Hallywally · 29/10/2025 19:58

He’s four years old. He doesn’t have prejudices or malice or the ability to state things to be mean. Your reaction is far worse than what he actually said. FGS, he’s still a baby himself 🙄

This. Youre so obsessed with not offending some stranger that you’ve lost all sense of reason.

Sillysoggyspaniel · 29/10/2025 20:31

I think you've both been really hard on him here. No wonder he's crying, he's pretty bloody confused. All this took was explaining that not everyone who has a dummy is a baby, same as not everyone who has long hair is a boy. Done.

WhereAreMyKids · 29/10/2025 20:32

I do think you took it a bit far, the child is 4, a young 4 at that. It was an opportunity for him to learn about differences and understand everyone has different needs. An open conversation would do more than a telling off. It is the norm that dummies are for babies. As others have said so are bottles, nappies and buggies.
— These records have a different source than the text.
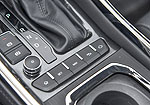 Chery Tiggo 8 (2018)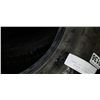 Image 3 : SET OF 4 BF GOODRICH WINTER SLALOM 225/ 65 R17 - 60% TREAD LEFT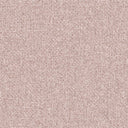 Raffia Blush Fabric A5 Sample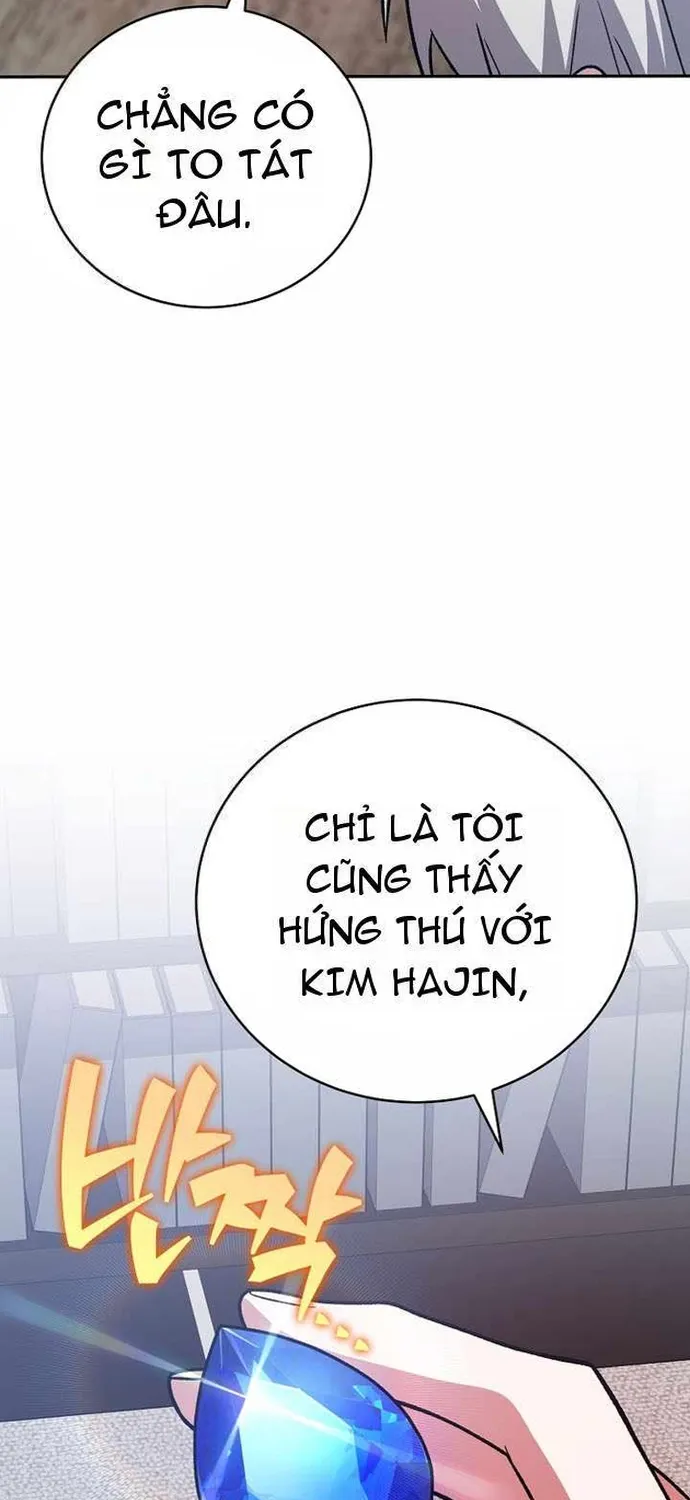 Chương 149 - Trang 26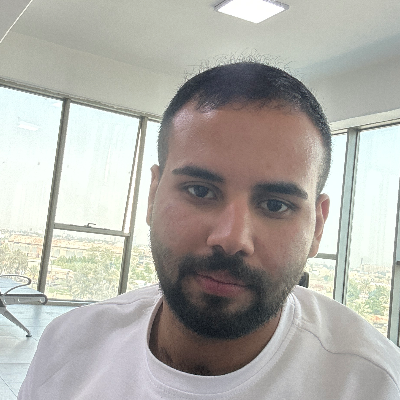 profile-image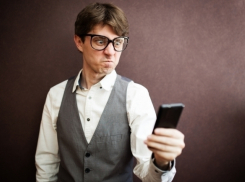 Краснодарцам не хватает денег на смартфоны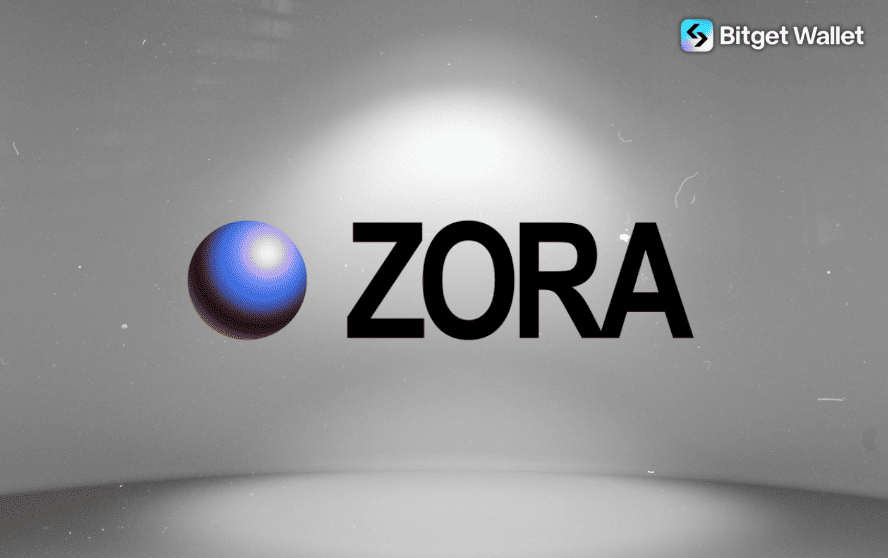 Zora (ZORA) Airdrop Guide: How to Participate and Claim Rewards and the Price Prediction image 1
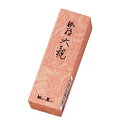 【送料無料・まとめ買い×4個セット】日本香堂 伽羅大観 スティック 20本入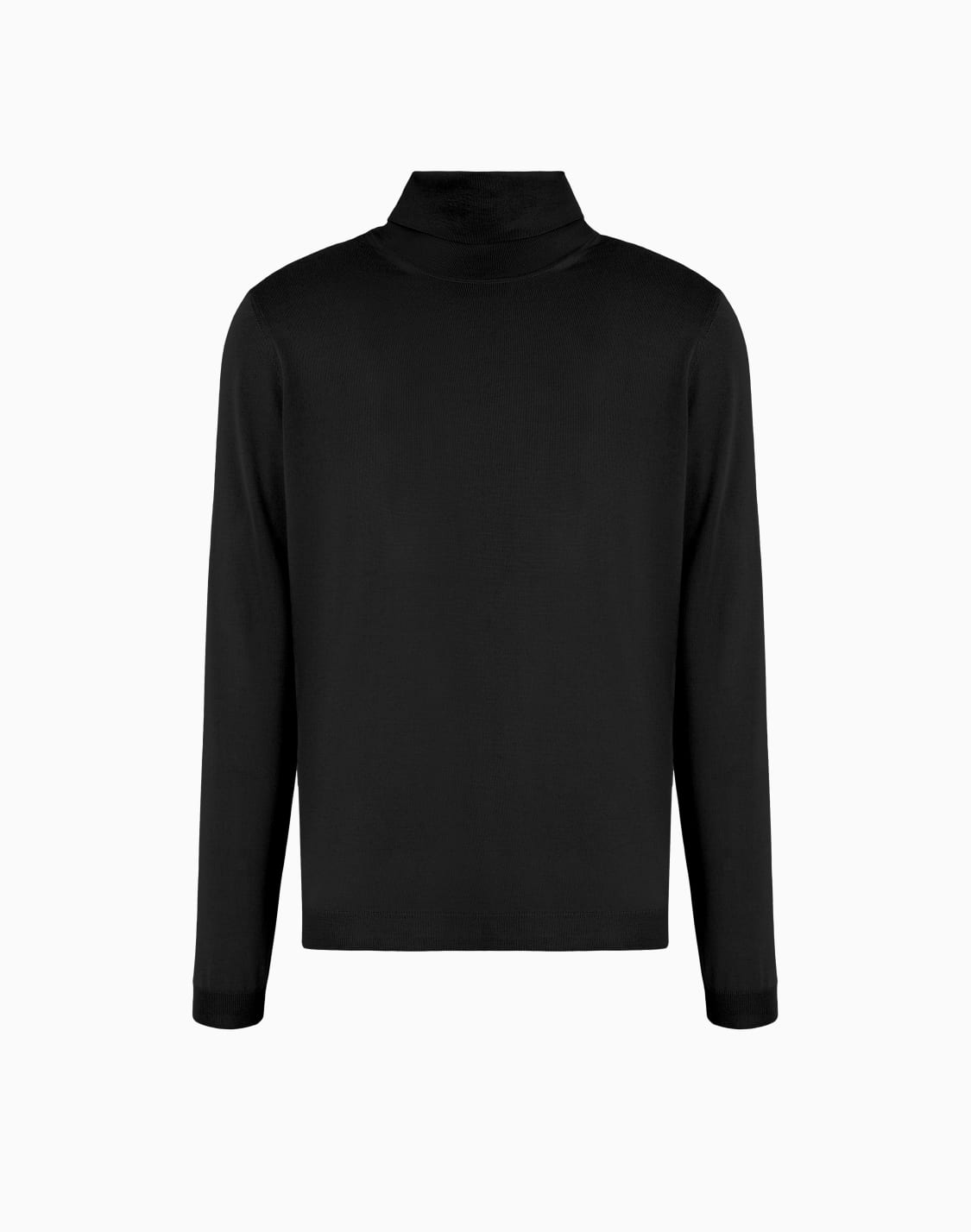 cashmere-mock-neck-jumper-black--giorgio-armani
As a parent of a disabled 9 year old all those things are still a part of our lives but I wouldn't judge a young child for making a comment, it's all they've seen and been told so they can grow and develop into their next stage. Young children are generally proud of their growing knowledge and independence and love a chance to show it off.

It may have been said in a mean tone but I doubt there was the understanding there for it to be truly mean. A telling off shuts down the questions and answers children need to learn understanding and empathy to others.

Namechangerage · 29/10/2025 20:35

This seems very OTT. He’s only 4, he associates a baby with a dummy. You’re assuming it was said in a mean way, but how do you or MIL really know that?

Even if he did, you pull him up on it quickly and matter of factly. You don’t totally shame him and assume he’s a mean kid. Seems a really strange reaction to me.

Edit to add: he got told off at the time, and then you tell him off again at home?? That’s way way OTT. You could have used the chance for a chat with him at home - “Do you know why grandma told you off today, it’s because xyz” But no you stick the boot in again and make him cry?!

Dollymylove · 29/10/2025 20:44

He's 4 not 14 FFS give the lad a break. A gentle chat about it would suffice. Not a lecture!!